• _Task instructions_: Search the records below for the string "Vintage", and report each line that contains it.

• _Exercise inputs_:
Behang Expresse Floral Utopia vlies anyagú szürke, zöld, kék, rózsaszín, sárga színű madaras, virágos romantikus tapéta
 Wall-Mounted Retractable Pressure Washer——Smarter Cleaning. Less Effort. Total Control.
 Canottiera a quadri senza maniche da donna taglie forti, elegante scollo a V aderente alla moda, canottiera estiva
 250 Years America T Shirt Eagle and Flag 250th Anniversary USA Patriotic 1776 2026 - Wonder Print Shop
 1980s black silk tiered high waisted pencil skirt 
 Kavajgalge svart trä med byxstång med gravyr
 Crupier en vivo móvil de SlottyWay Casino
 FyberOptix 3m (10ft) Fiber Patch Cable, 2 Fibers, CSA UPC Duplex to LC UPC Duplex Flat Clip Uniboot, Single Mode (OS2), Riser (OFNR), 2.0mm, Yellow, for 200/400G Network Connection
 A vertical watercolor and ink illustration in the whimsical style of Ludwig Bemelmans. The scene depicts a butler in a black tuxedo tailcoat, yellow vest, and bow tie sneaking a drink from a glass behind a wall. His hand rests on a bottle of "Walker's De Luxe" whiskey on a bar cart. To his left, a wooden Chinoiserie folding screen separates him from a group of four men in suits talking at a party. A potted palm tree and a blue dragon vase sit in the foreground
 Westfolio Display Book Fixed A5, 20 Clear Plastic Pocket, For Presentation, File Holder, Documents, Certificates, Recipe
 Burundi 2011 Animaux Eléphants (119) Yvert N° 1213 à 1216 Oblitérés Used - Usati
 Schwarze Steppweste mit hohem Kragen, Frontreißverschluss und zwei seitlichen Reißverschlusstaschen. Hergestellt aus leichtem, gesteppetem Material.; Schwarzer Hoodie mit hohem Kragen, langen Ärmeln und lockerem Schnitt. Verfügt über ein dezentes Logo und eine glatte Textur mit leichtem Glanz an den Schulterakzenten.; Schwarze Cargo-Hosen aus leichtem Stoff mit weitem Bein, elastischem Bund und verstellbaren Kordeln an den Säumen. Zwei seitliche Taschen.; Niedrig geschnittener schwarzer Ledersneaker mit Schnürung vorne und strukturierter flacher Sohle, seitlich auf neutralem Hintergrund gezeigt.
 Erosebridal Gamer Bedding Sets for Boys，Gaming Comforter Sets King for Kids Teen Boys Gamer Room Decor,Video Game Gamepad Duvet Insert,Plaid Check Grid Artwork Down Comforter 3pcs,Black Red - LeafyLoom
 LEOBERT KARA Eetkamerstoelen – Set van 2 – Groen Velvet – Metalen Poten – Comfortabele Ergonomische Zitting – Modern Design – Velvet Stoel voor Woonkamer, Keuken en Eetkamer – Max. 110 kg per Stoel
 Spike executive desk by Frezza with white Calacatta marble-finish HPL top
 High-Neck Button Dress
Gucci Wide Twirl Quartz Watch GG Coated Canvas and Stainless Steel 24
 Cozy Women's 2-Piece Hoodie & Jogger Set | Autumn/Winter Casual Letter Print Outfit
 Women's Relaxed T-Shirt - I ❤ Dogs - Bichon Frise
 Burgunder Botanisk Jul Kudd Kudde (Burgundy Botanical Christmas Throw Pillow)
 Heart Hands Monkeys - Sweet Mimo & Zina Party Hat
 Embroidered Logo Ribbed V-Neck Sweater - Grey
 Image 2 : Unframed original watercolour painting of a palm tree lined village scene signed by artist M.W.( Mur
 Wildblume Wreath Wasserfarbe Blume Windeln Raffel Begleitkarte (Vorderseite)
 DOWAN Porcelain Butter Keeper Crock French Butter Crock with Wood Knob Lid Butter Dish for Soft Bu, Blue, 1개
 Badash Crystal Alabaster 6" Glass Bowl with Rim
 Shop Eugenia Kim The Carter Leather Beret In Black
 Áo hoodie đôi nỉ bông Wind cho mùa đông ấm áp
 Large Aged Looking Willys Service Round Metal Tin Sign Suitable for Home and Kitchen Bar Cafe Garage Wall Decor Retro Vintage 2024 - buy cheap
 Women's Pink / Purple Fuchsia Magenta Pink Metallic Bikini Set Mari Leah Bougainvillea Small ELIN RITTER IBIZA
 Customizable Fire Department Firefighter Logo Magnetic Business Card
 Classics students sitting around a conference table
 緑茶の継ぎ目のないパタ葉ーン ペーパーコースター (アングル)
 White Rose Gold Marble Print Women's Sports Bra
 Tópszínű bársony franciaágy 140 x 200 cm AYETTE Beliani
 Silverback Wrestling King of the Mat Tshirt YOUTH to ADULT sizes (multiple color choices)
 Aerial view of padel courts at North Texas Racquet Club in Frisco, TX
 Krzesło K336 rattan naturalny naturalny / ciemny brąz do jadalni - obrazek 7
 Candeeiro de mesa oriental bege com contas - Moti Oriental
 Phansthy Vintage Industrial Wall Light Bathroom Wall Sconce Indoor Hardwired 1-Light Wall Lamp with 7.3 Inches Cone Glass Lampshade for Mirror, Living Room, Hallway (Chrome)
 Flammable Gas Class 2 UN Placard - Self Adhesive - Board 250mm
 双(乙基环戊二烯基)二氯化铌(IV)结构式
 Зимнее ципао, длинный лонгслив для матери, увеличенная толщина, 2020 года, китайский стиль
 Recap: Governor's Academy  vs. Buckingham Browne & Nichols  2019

• _Exercise response_:
 Large Aged Looking Willys Service Round Metal Tin Sign Suitable for Home and Kitchen Bar Cafe Garage Wall Decor Retro Vintage 2024 - buy cheap
 Phansthy Vintage Industrial Wall Light Bathroom Wall Sconce Indoor Hardwired 1-Light Wall Lamp with 7.3 Inches Cone Glass Lampshade for Mirror, Living Room, Hallway (Chrome)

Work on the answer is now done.